# Problem
Return all of the data exactly as written, without the pictures.

# Collected data
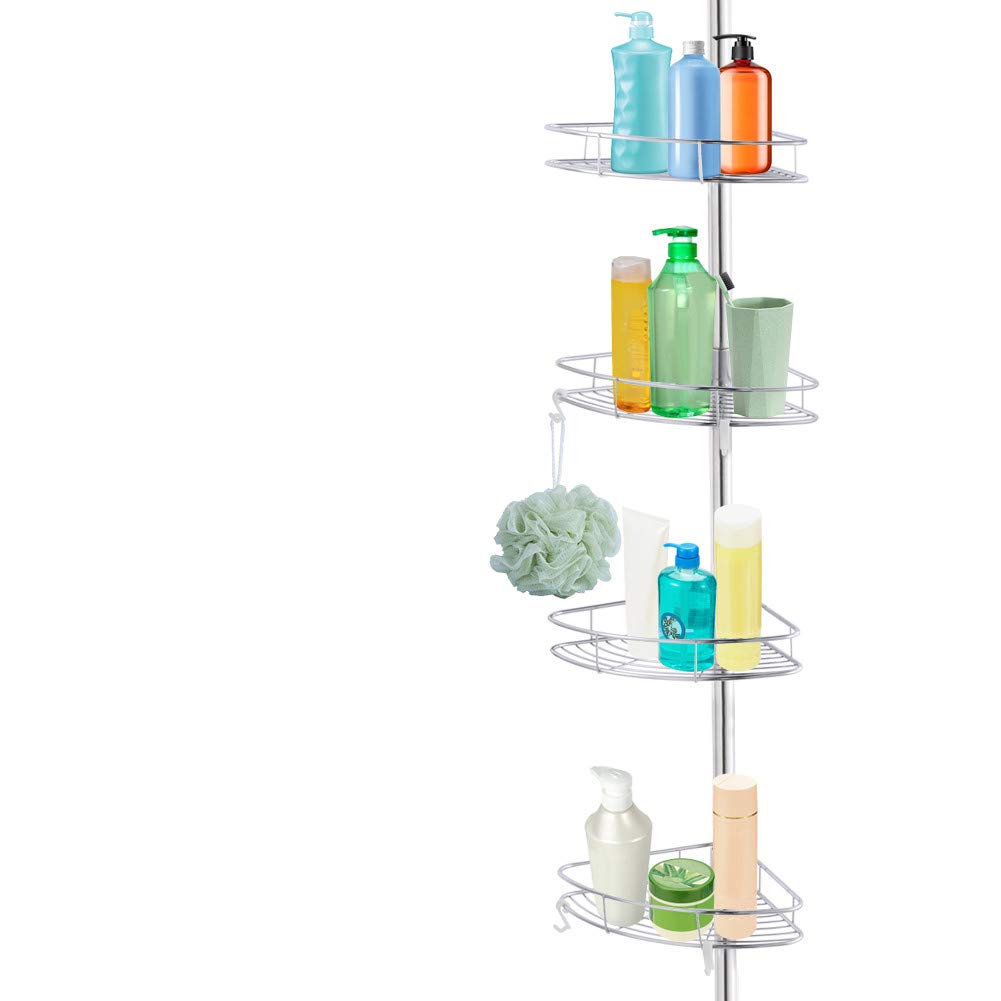 Cocoarm 4-Tier Shower Caddy | Adjustable Corner Shelf Organizer (190-310cm)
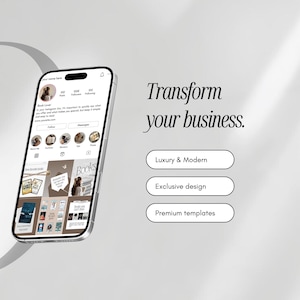 May include: A smartphone displays an Instagram profile with the text "Book Lover" and a grid of book-related images. The text "Transform your business" is also visible, along with options for "Luxury & Modern", "Exclusive design", and "Premium templates".
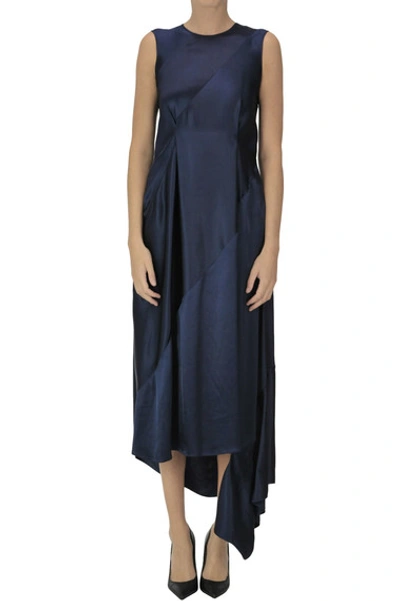 Shop Loewe Satin Long Dress In Navy Blue
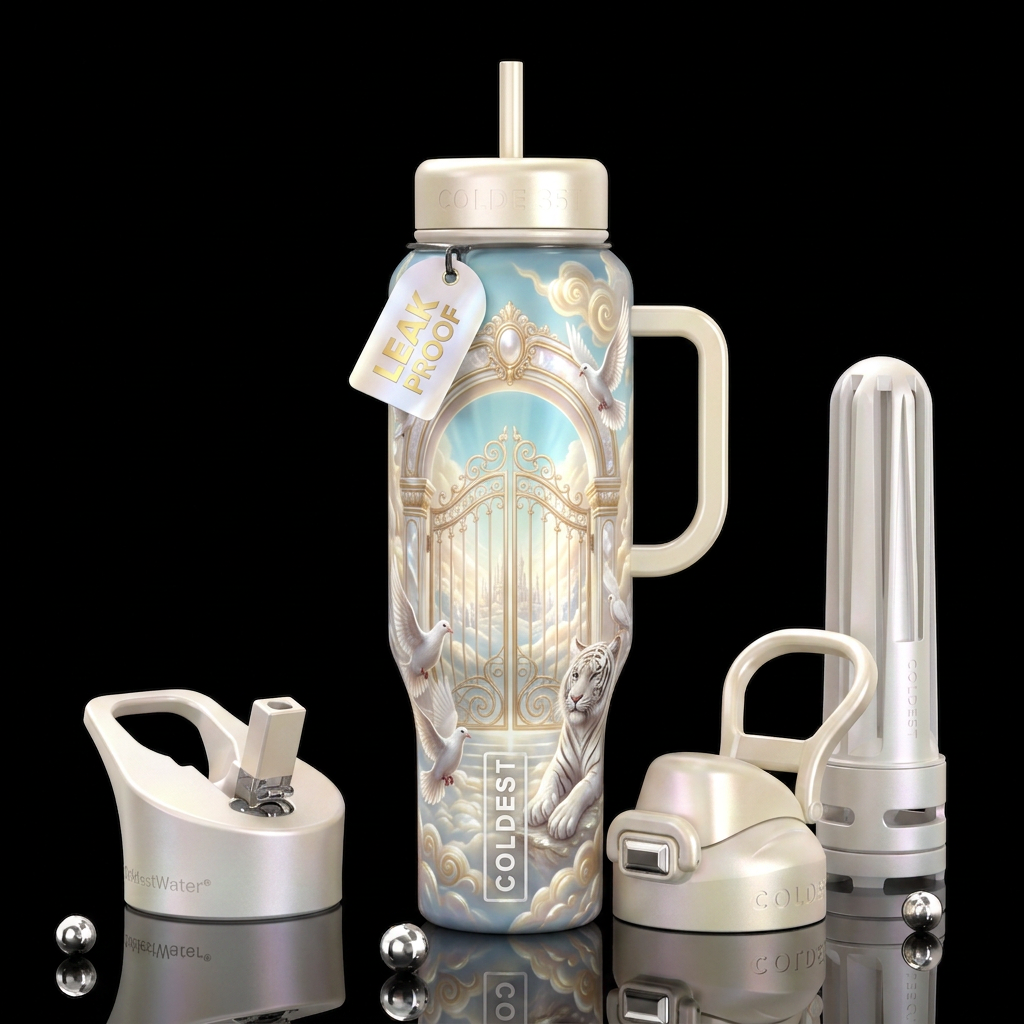 The pearly gates of heaven, doves,white tiger,, gl... water bottle design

# Final answer
 Cocoarm 4-Tier Shower Caddy | Adjustable Corner Shelf Organizer (190-310cm)
 May include: A smartphone displays an Instagram profile with the text "Book Lover" and a grid of book-related images. The text "Transform your business" is also visible, along with options for "Luxury & Modern", "Exclusive design", and "Premium templates".
 Shop Loewe Satin Long Dress In Navy Blue
 The pearly gates of heaven, doves,white tiger,, gl... water bottle design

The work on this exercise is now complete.